でもこれ実際に似たようなこと行われてますよね。今時の軍隊、たとえば空爆する時とか、米国のオフィスから無人機飛ばして本土からコントロールして爆撃する。オペレーターは朝9時に出勤してオフィスから爆撃機操作して夕方5時に帰るんだって!

 

大量殺戮を行いつつ、その”殺した”実感を兵士から遠ざけることで、より効率の良い戦争を行っていく。殺した責任は誰が取る?罪悪感や後悔すらも兵士から奪う。システム化された戦争の非人間性。

 

と、今初めて見たように語っているが、アウシュビッツにユダヤ人を送ったのも似たようなもので、システム化されルーチン化されていたから十万人もの”処理”が出来た。

 

クラヴィスは病床にあった母親の最期に、コミュニケーションが取れなくなった本人に代わり医師に機械を外せと伝えたエピソードと比べ、「母親を殺したのは自分であり、その罪をかぶり、かぶった後で赦されたい」と願う。でも罪悪感を薄められた戦場では、罪をかぶることすら難しい、と悩み続けるわけです。

 

最後にはジョン・ポールが内乱を起こし続ける理由が語られ、それに影響されたクラヴィスがある行動をおこし、その結果が語られて終わります。
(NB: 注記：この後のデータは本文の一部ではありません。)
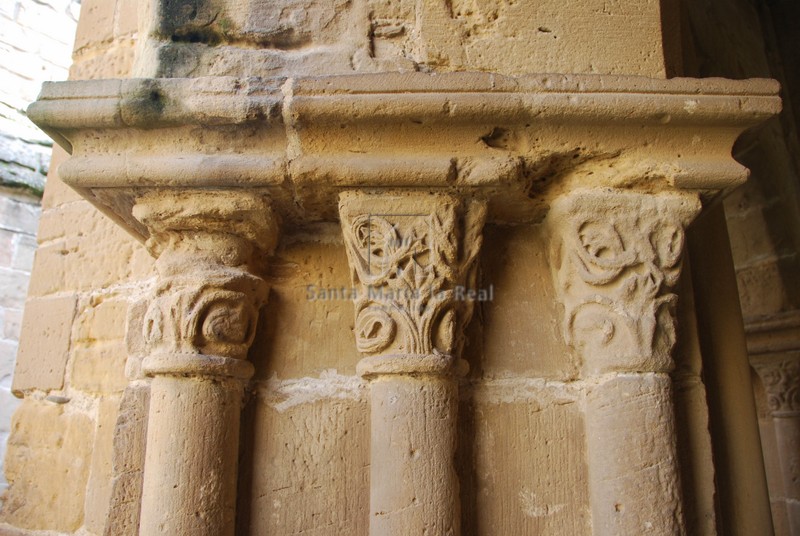 Grupo de columnas adosadas del lavatorio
おお、クラヴィスさん、あんたの罪のかぶり方ってそれかwwこのオチはちょっと。。。

 

ともあれ、斬新な視点と膨大な情報量で圧倒される一冊ではあります。う~ん、どっちかっていうと通好みなのかな…私のようなライトな読み手には、そこまで「うおお…」な読後感はありませんでした。勉強不足です。ハイ。